__ASSIGNMENT__
Copy out the listing in full, exactly as written, but not its pictures.

__RECORDED DATA__
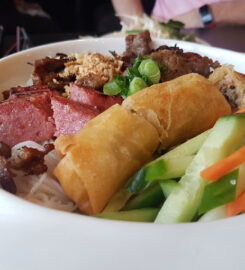 The Nguyen’s Vietnamese Family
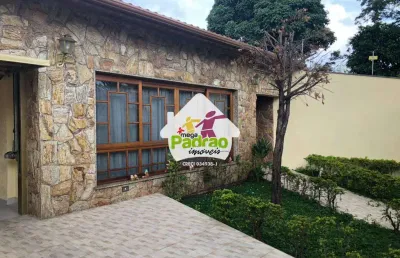 Casa com 3 dorms, vila galvão, guarulhos - r$ 1.65 mi, cod: 5773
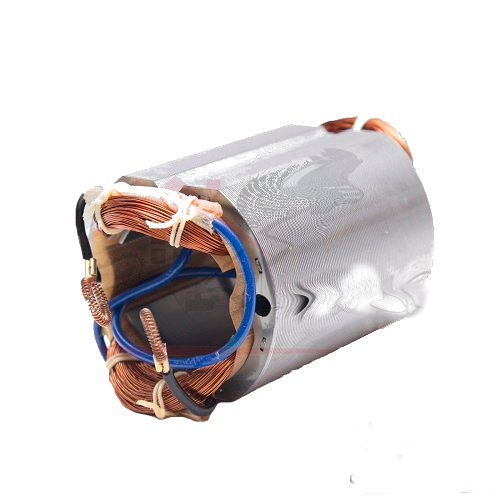 Stator mašinice za šišanje ovaca
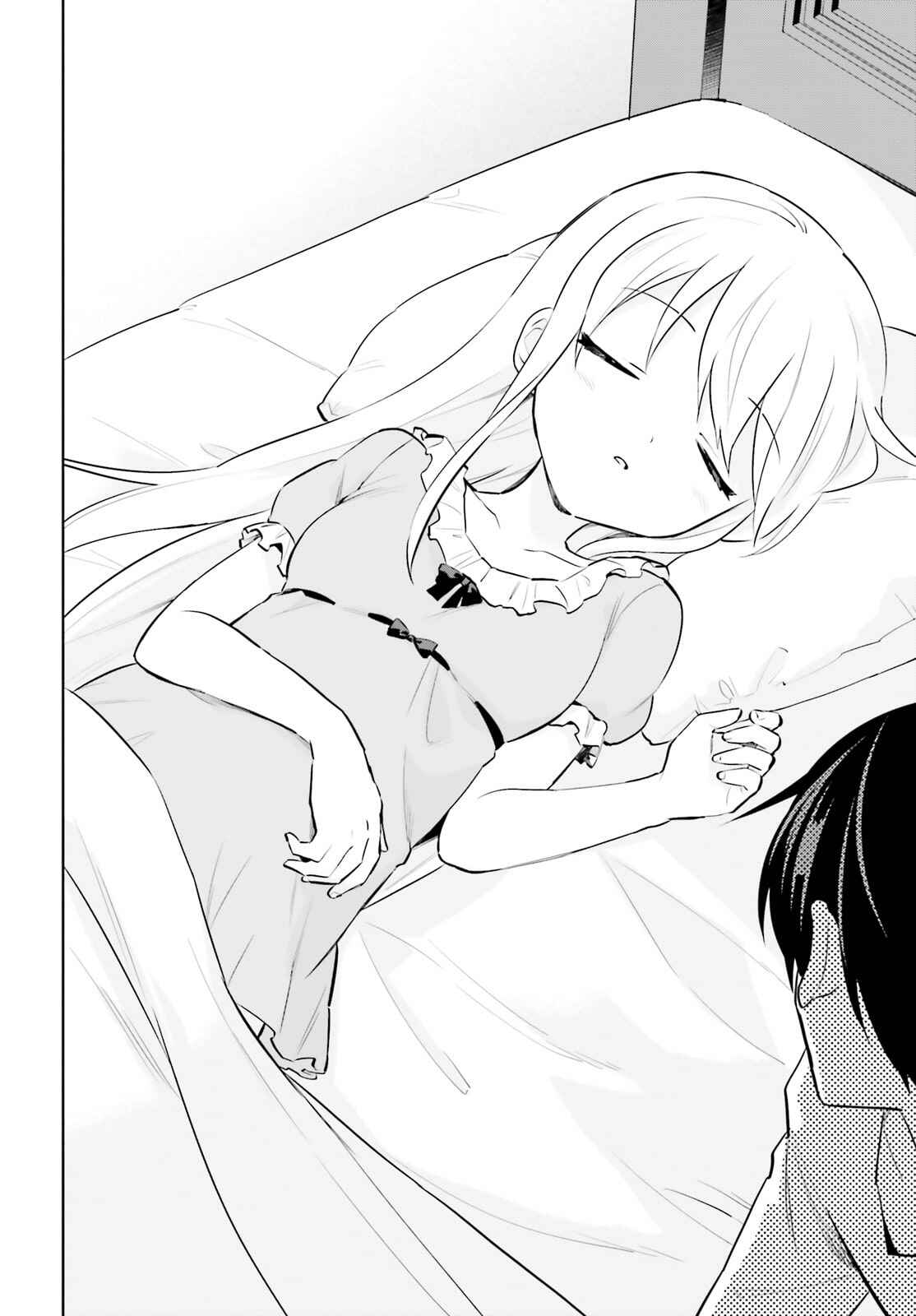 Isekai wa Smartphone to Tomo ni Chapter 62 - Page 2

__ANSWER SPACE__
 The Nguyen’s Vietnamese Family
 Casa com 3 dorms, vila galvão, guarulhos - r$ 1.65 mi, cod: 5773
 Stator mašinice za šišanje ovaca
 Isekai wa Smartphone to Tomo ni Chapter 62 - Page 2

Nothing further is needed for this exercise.